CÓEMGEN (COMGAN) the MONK, (Eighth Century), the son of Kelly, Prince of Leinster, Ireland, brother of St. Kentigerna (7th January), and uncle of St. Fáelán (Fillan) of Cluain Móescna (9th January). Following the death of his father he travelled, along with his sister and nephew (and possibly others) to Scotland where he established a monastery at Lochalsh, near Skye, in the Inner Hebrides serving as its first Abbot. St. Cóemgen lived a long and most holy life at Lochalsh, and following his repose his nephew, St. Fáelán, enshrined his relics at Iona.
FAUSTUS, JANUARIUS, and MARTIAL, three martyrs in Córdoba (southern Spain), whom the Roman Christian poet Prudentius (†413) called ‘The Three Crowns of Córdoba’. SS. Faustus, Januarius, and Martial were subjected to heinous torture and then burnt alive towards the beginning of the Diocletianic Persecution (303–313).
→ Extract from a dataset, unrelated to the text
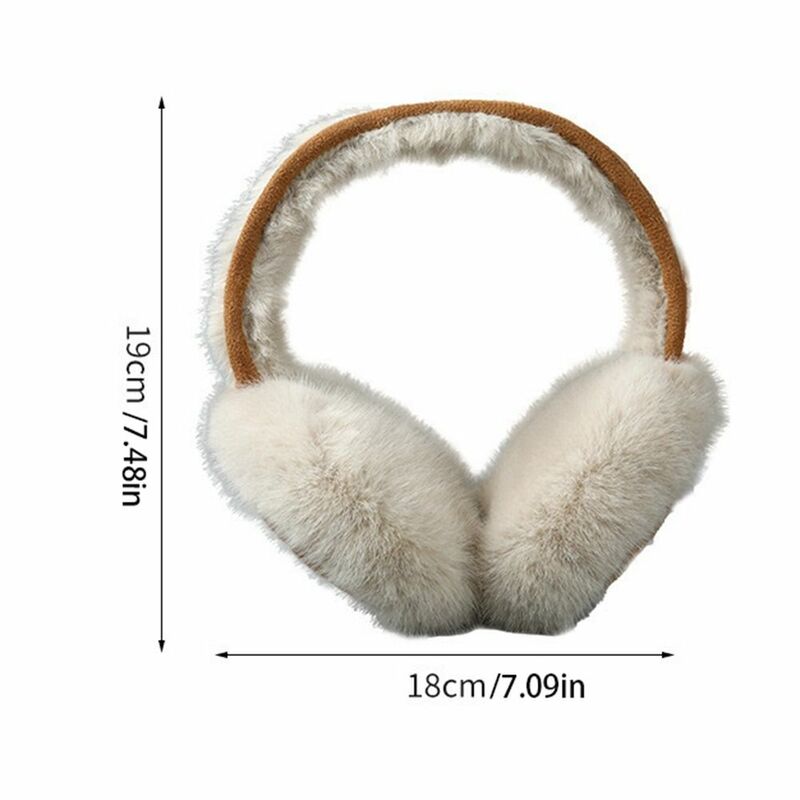 Winter Warm Earmuffs Maillard Brown Suede Plush Earmuffs Women Foldable Soft Thicken Earmuffs Cute Simple Earlap Accessories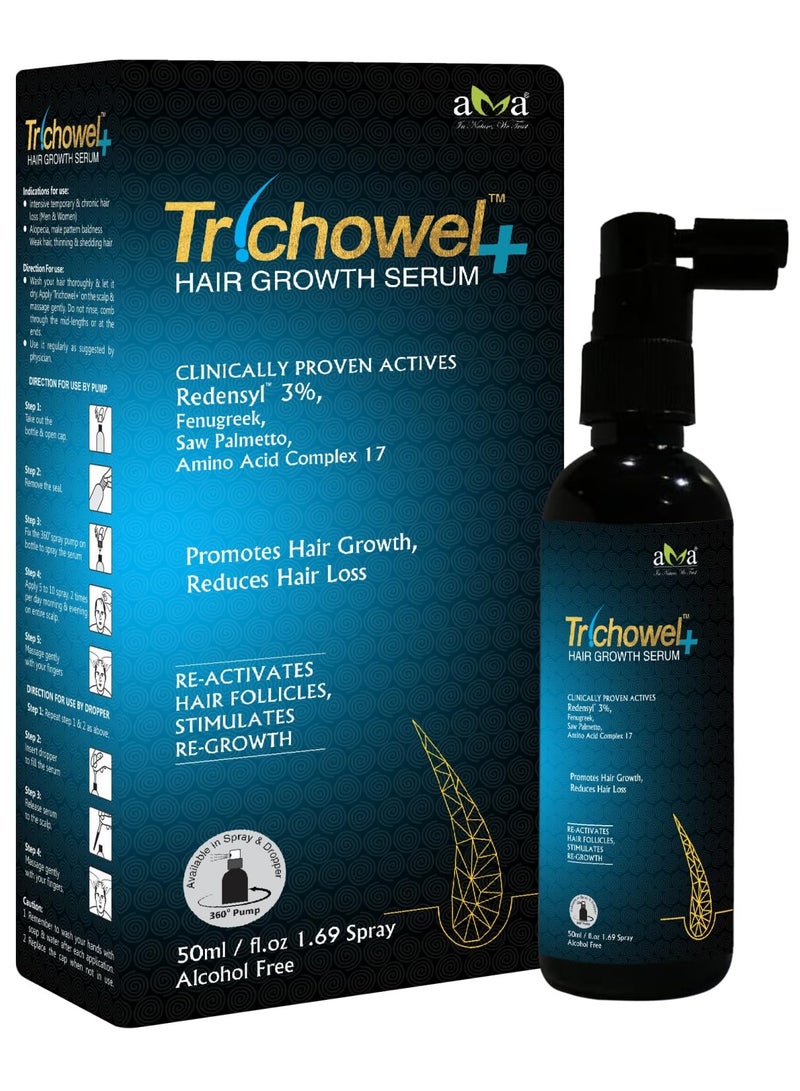 Vegetal Trichowel+ Hair Growth Serum, 50ml, Alcohol-Free, Promotes Hair Growth & Reduces Hair Loss - Image 1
FYNCANA and FYNDOCA, (Date Unknown), the Aberdeen Breviary lists SS. Fyncana and Fyndoca as Scottish martyrs on this date, however no further information on these saints remains extant.
GERALD of AURILLAC, all that is known about St. Gerald is from a Life by St. Odo of Cluni who had never met St. Gerald, and there are no primary sources extant. St. Gerald was a Count of Aurillac in Gaul and though his greatest desire was to be a monk, his noble obligations impeded this. Therefore, following the advice of his friend Bishop Gausbert of Rodez, St. Gerald lived a life as close to monasticism as possible in the world, even founding a monastery and church on his estate. He reposed in 909, and many miracles have been attributed to his intercession.
REGIMBALD (REGINBALD, REGIMBAUT, REGIMBEAU) of SPEYER, received monastic tonsure at St. Ulrich's and St. Afra's Abbey (Kloster Sankt Ulrich und Afra) in Augsburg, Bavaria (southern Germany). He later spent time at the Abbey of the Theotokos and St. Sebastian (Kloster Heiligen Maria und St. Sebastian) in Ebersberg about 80km / 50mi south-east of Augsburg, before being chosen in 1022 to serve as the Abbot of Lorsch, in the present-day German state of Hesse. In 1032 St. Regimbald was consecrated the twenty-ninth Prince-Bishop of Speyer in the present-day area of the German states of Rhineland-Palatinate and Baden-Württemberg. St. Regimbald reposed in 1039.
ROMULUS (REMO) of GENOA, a noted theologian and early Bishop of Genoa (north-west Italy). St. Romulus reposed circa 641, at the coastal town of Matuziano 113km / 70mi to the south-west of Genoa. Matuziano later came to be called San Remo after him. No further information on St. Romulus is extant.
SIMBERT (SIMPERT, SINTHERT) of AUGSBURG, following the completion of his studies at Murbach Abbey in Alsace (north-eastern France), St. Simbert received monastic tonsure there, and in time was elected its Abbot. In 778 St Simbert was appointed the fourteenth Prince-Bishop of Augsburg, Bavaria (southern Germany) by Charlemagne, King of the Franks (r. 768–814). St. Simbert ruled that See, while remaining Abbot of Murbach until his repose circa 809. St. Simbert is one of the patron saints of the Roman Catholic Diocese of Augsburg.
VENANTIUS, a fifth century Abbot of the Abbey of St. Martin of Tours (abbaye de Saint-Martin de Tours) in Tours (west-central France).
Prior to the Schism the Patriarchate of Rome was Orthodox, and fully in communion with the Orthodox Church. As Saint John of Shanghai and San Francisco +1966 said “The West was Orthodox for a thousand years, and her venerable Liturgy is far older than any of her heresies”.